Filter the records for lines holding the string "sale".
Input for this task below:
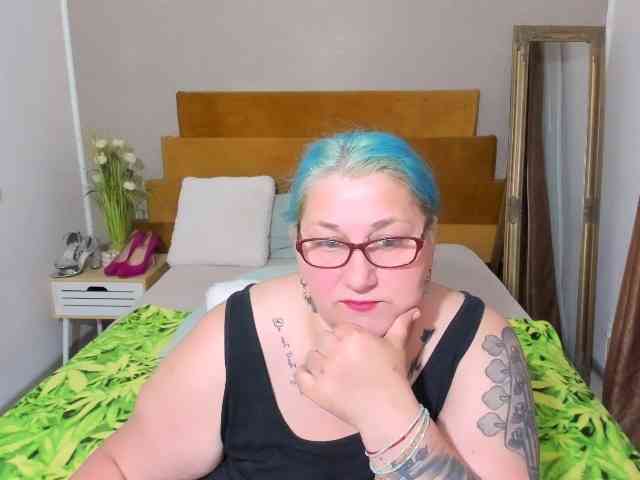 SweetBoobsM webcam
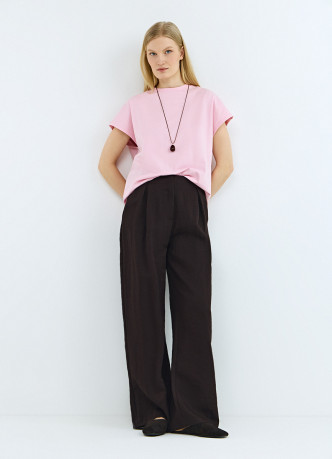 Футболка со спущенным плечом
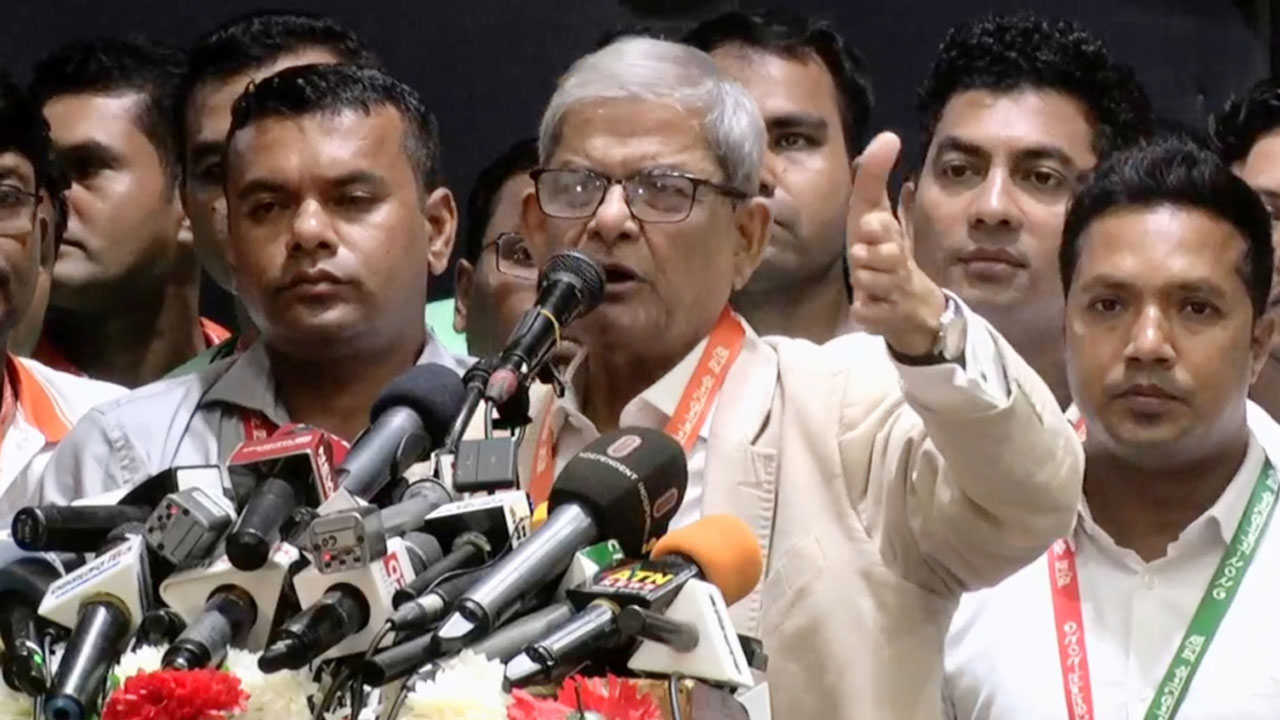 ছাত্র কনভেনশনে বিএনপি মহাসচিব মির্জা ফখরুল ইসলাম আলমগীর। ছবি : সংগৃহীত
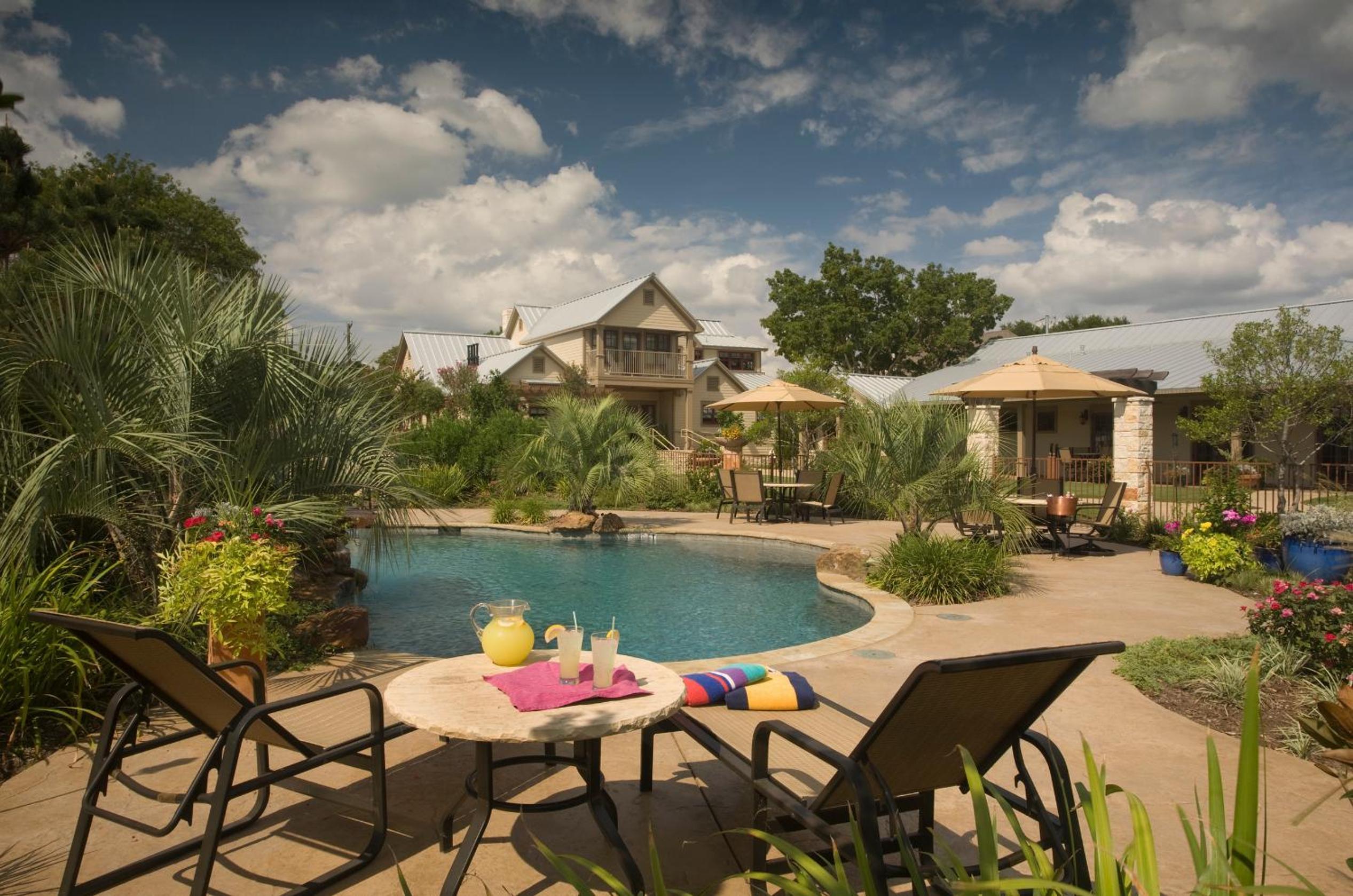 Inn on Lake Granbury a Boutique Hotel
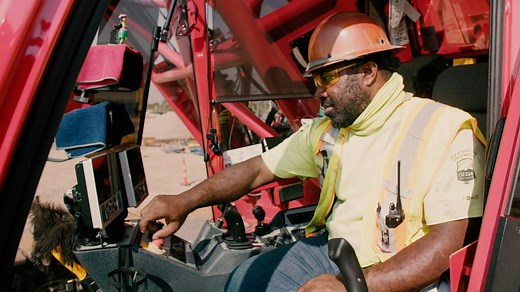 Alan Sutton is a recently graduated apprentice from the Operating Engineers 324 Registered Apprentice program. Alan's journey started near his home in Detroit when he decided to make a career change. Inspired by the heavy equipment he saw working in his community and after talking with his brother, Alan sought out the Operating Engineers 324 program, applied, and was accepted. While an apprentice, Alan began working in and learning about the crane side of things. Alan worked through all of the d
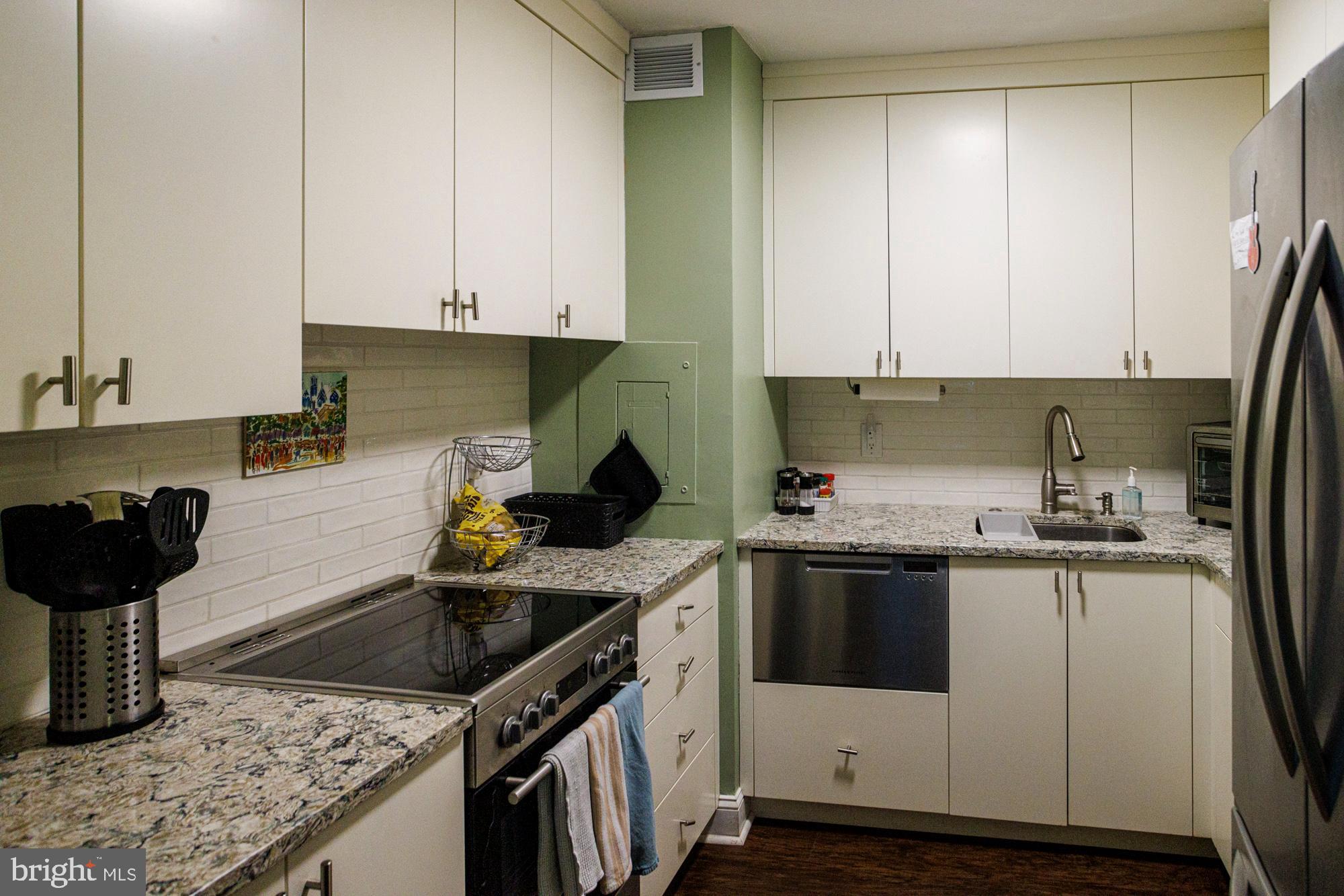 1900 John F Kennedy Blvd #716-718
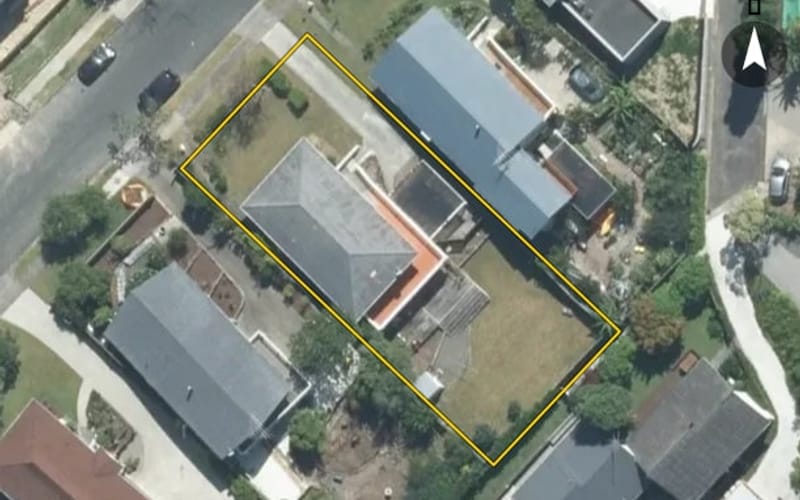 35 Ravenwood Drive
End of Input for this task.
Input for this task below:
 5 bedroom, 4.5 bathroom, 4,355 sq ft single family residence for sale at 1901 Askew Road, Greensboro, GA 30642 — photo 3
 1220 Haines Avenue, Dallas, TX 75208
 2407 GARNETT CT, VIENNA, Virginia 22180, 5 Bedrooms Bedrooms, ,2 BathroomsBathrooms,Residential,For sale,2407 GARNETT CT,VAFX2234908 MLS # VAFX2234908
End of Input for this task.
* Exercise output *
 5 bedroom, 4.5 bathroom, 4,355 sq ft single family residence for sale at 1901 Askew Road, Greensboro, GA 30642 — photo 3
 2407 GARNETT CT, VIENNA, Virginia 22180, 5 Bedrooms Bedrooms, ,2 BathroomsBathrooms,Residential,For sale,2407 GARNETT CT,VAFX2234908 MLS # VAFX2234908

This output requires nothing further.